_EXERCISE DESCRIPTION_. Every entry must reappear in your answer exactly as written, though its pictures must not.

_SOURCE DATA_.
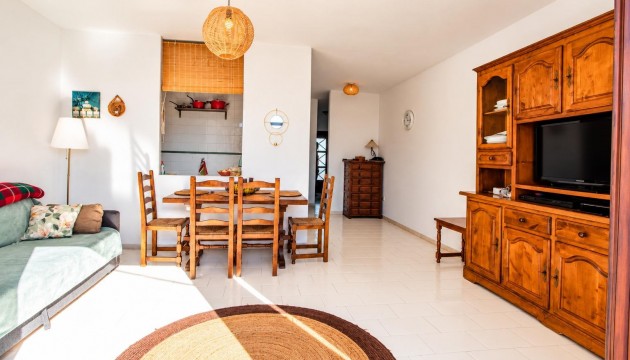 Odsprzedaż - Apartment - Torrevieja - Nueva Torrevieja - Aguas Nuevas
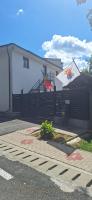 Park Residence - Bed and Breakfast Hoghiz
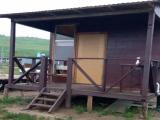 Домик для отдыха 4 - 5 местный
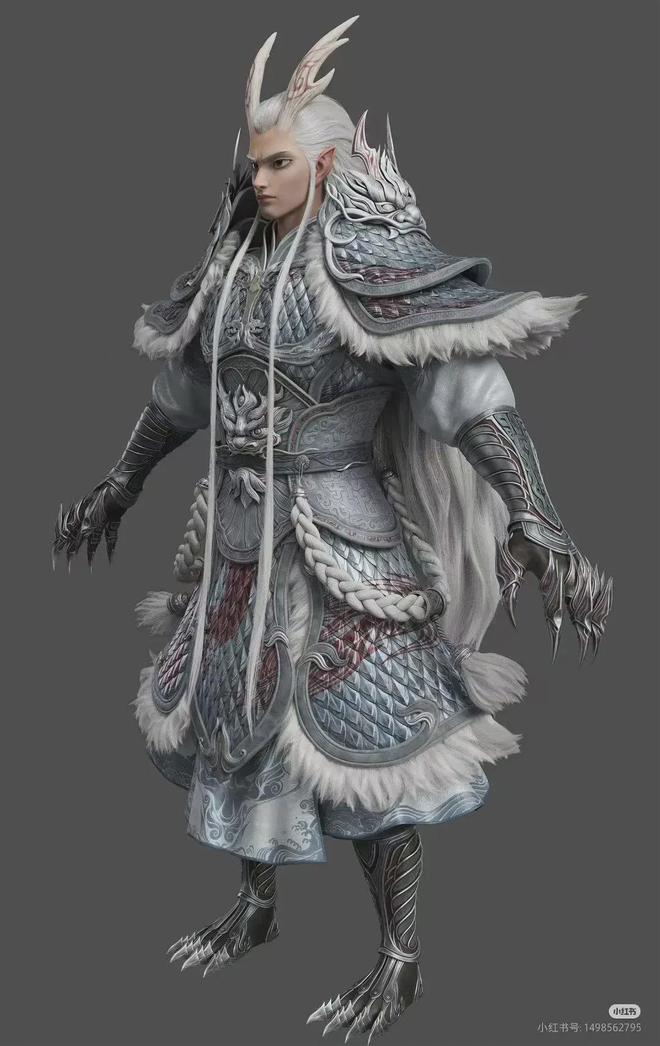 全行业托举《哪吒2》重塑中国动画工业肉身(图7)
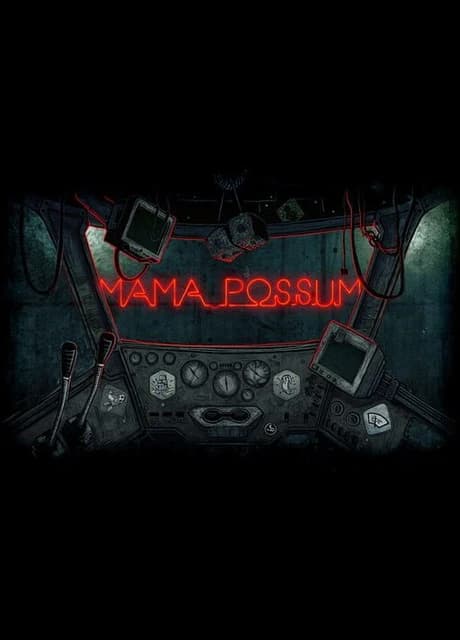 Mama Possum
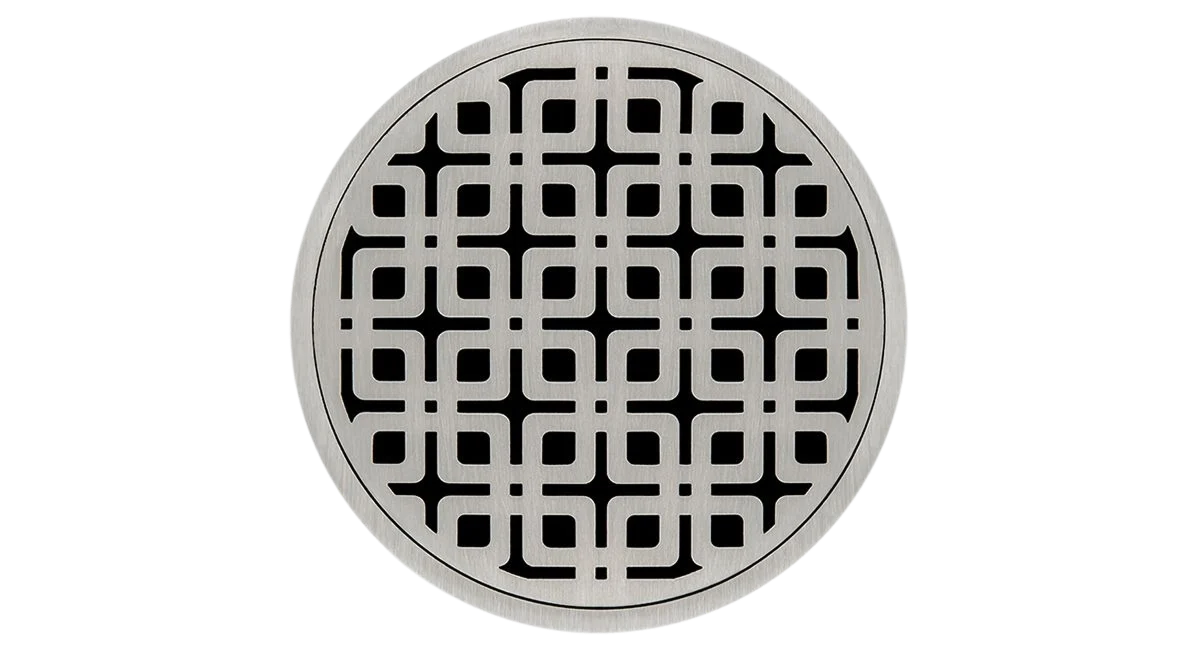 Infinity Drain—Center Drains—Link RKD 5 -SS 1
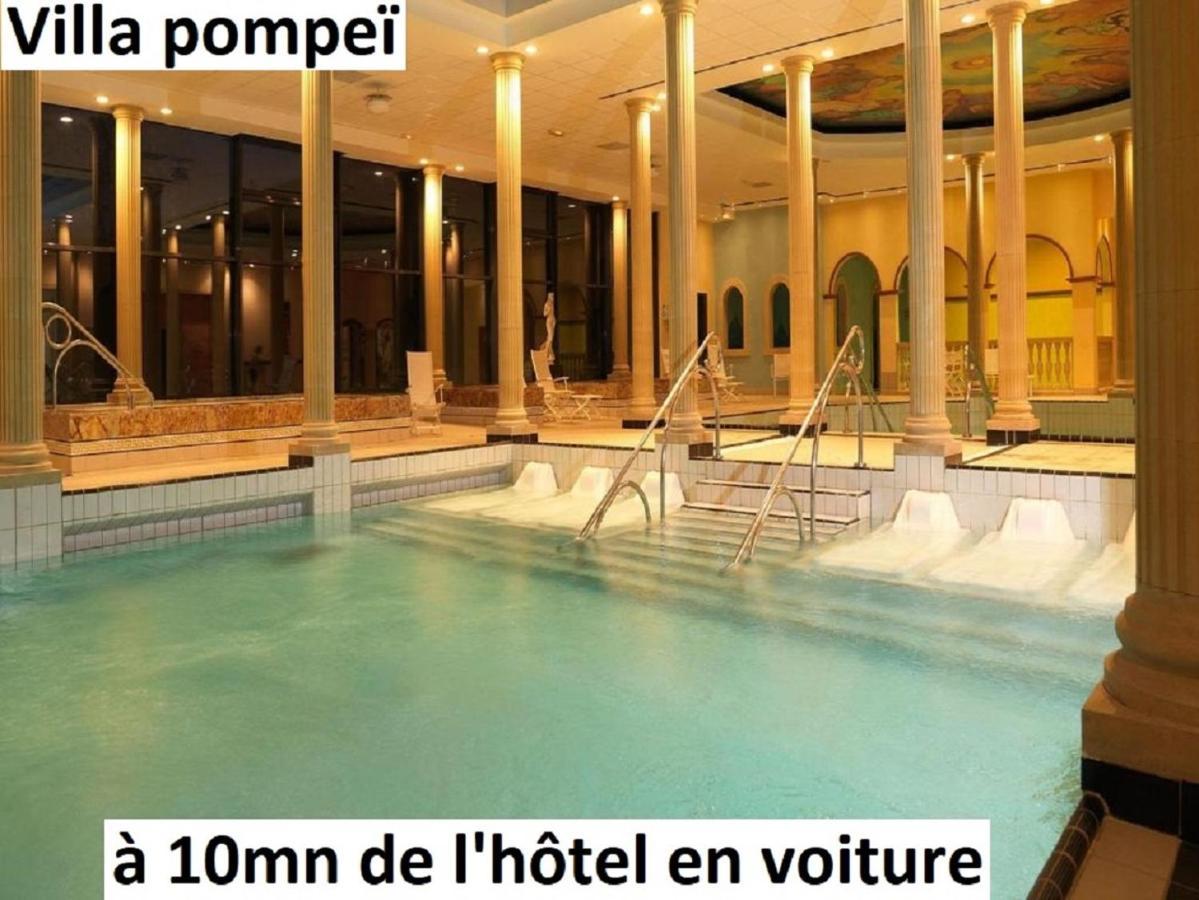 Premiere Classe Metz Nord - Talange Ngoại thất bức ảnh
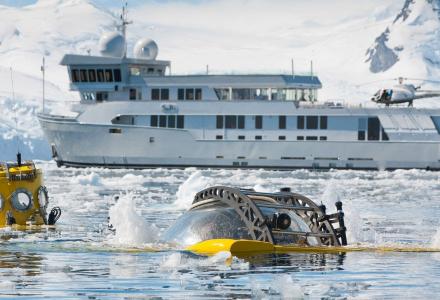 10 Superyacht Toys for Best Charter Experience by Denison Yachting 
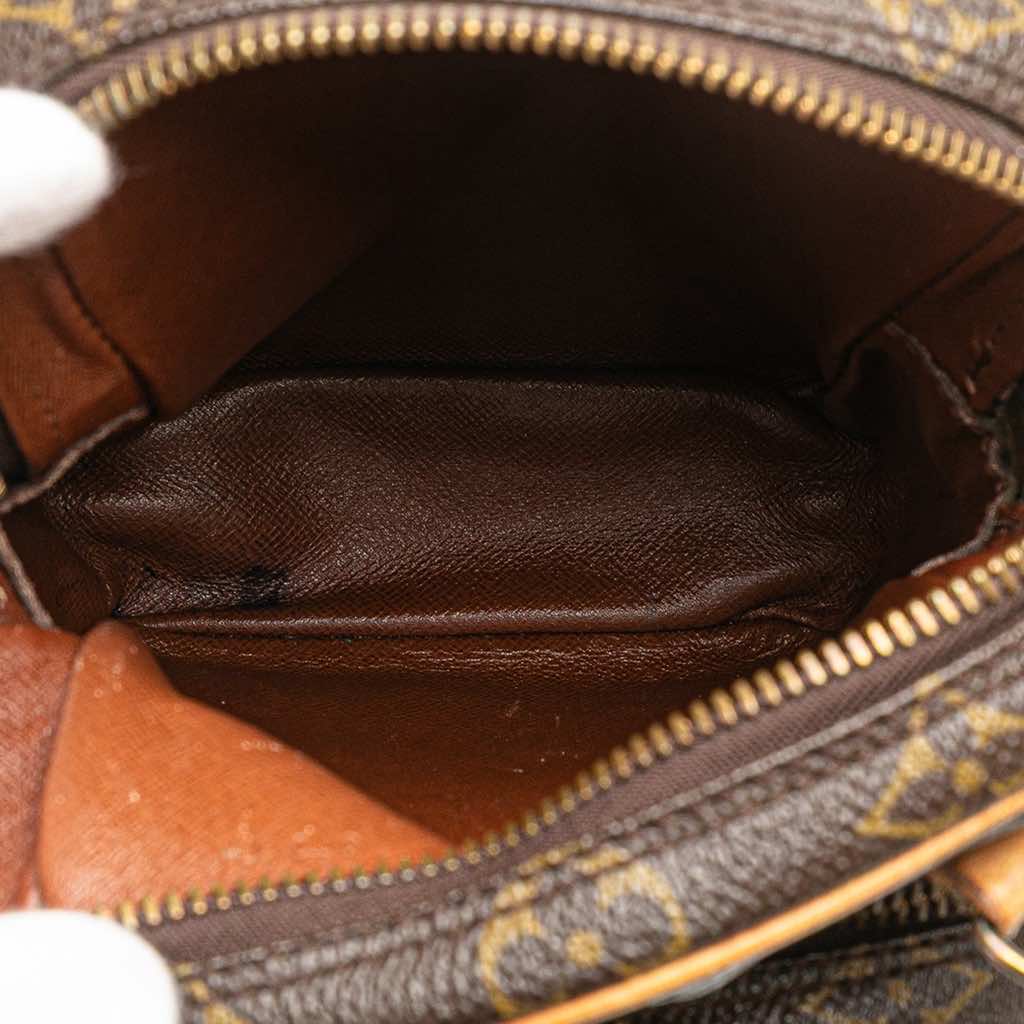 Louis Vuitton Monogram Mini Amazone - 4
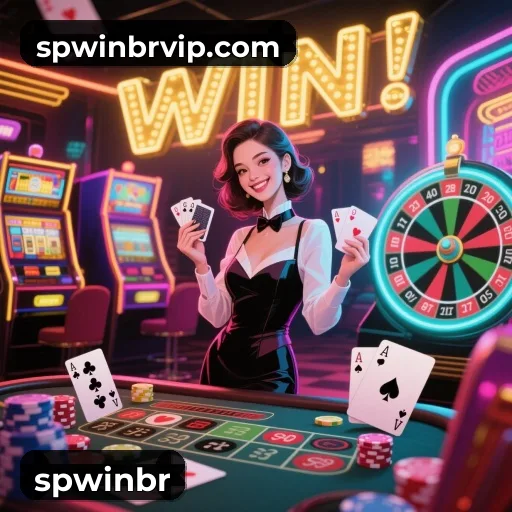 Promoções App spwinbr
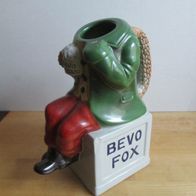 Anheuser Busch ca.1990 Bevo Fox Krug leider ohne Deckel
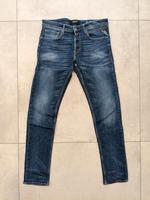 Replay Willbi Herren Slim Fit Jeans 31/34 blau Niedersachsen - Leer (Ostfriesland) Vorschau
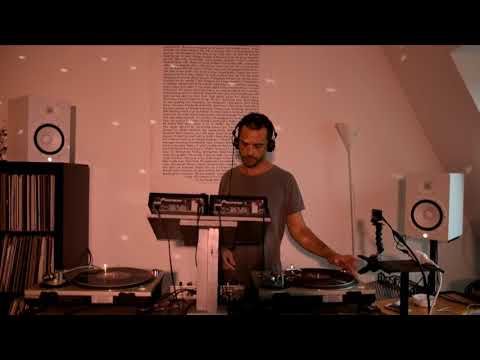Liviu Groza RTS FM x Sol Asylum 11.07.2018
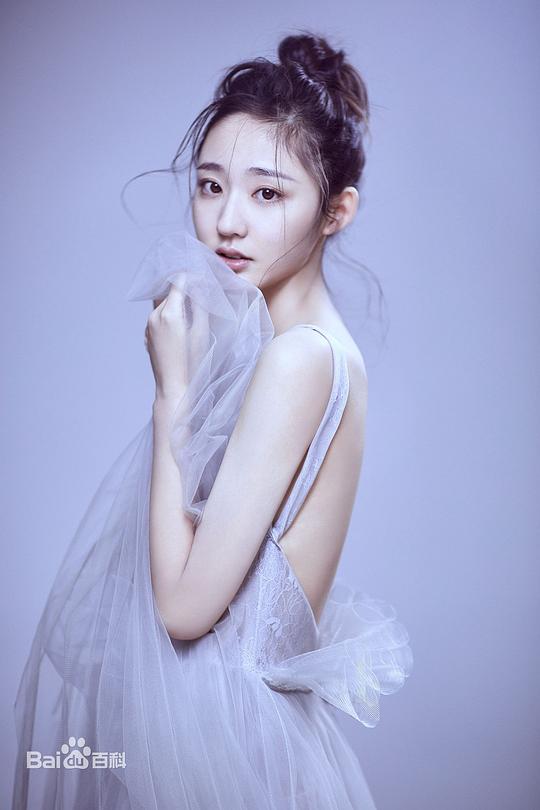 王莫涵 Mohan Wang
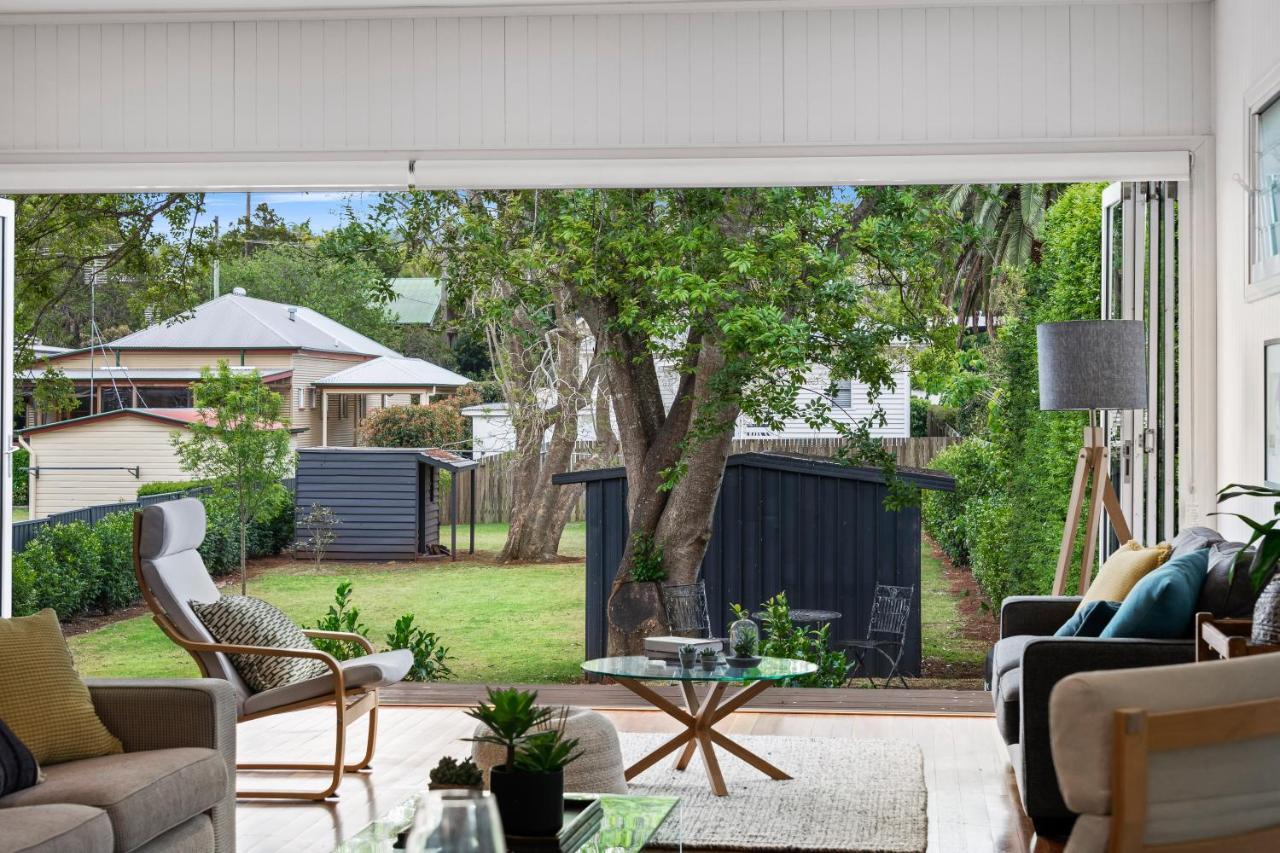 The Keepers House Villa Toowoomba Bagian luar foto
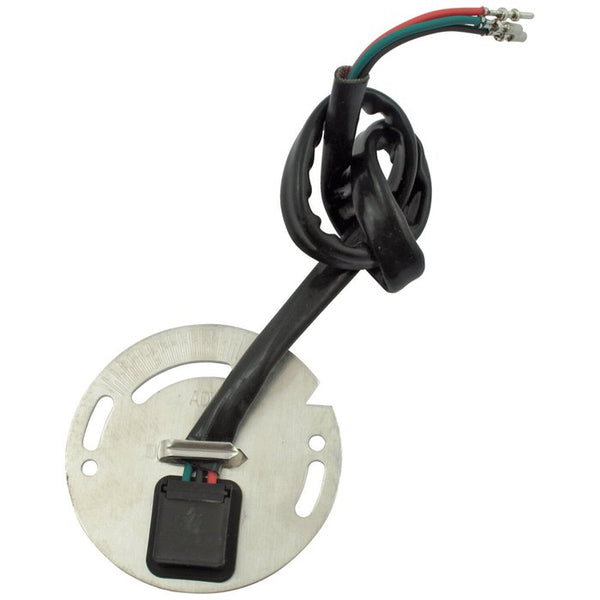 Standard Co. Ignition sensor assembly, various 80-95(99) H-D.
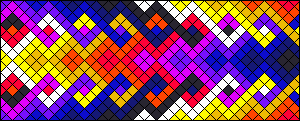 Normal pattern #142296 variation #374014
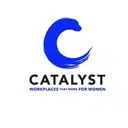 Logo of CATALYST INC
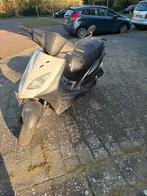 Kymco agility/delivery 50, Fietsen en Brommers, Ophalen, Gebruikt, Maximaal 45 km/u, 50 cc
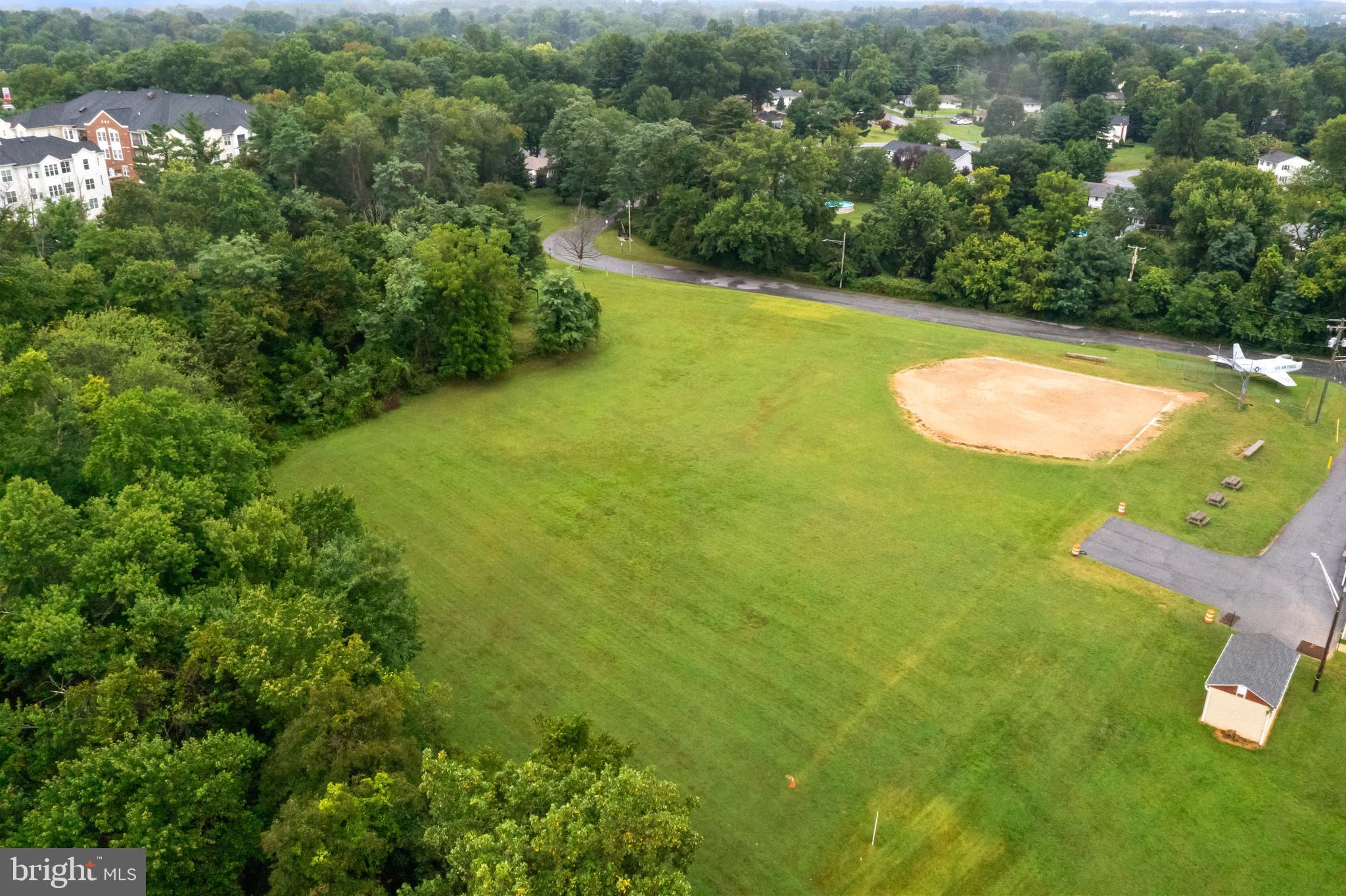 LONG GATE - Residential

_FINISHED TASK_.
 Odsprzedaż - Apartment - Torrevieja - Nueva Torrevieja - Aguas Nuevas
 Park Residence - Bed and Breakfast Hoghiz
 Домик для отдыха 4 - 5 местный
 全行业托举《哪吒2》重塑中国动画工业肉身(图7)
 Mama Possum
 Infinity Drain—Center Drains—Link RKD 5 -SS 1
 Premiere Classe Metz Nord - Talange Ngoại thất bức ảnh
 10 Superyacht Toys for Best Charter Experience by Denison Yachting 
 Louis Vuitton Monogram Mini Amazone - 4
 Promoções App spwinbr
 Anheuser Busch ca.1990 Bevo Fox Krug leider ohne Deckel
 Replay Willbi Herren Slim Fit Jeans 31/34 blau Niedersachsen - Leer (Ostfriesland) Vorschau
Liviu Groza RTS FM x Sol Asylum 11.07.2018
 王莫涵 Mohan Wang
 The Keepers House Villa Toowoomba Bagian luar foto
 Standard Co. Ignition sensor assembly, various 80-95(99) H-D.
 Normal pattern #142296 variation #374014
 Logo of CATALYST INC
 Kymco agility/delivery 50, Fietsen en Brommers, Ophalen, Gebruikt, Maximaal 45 km/u, 50 cc
 LONG GATE - Residential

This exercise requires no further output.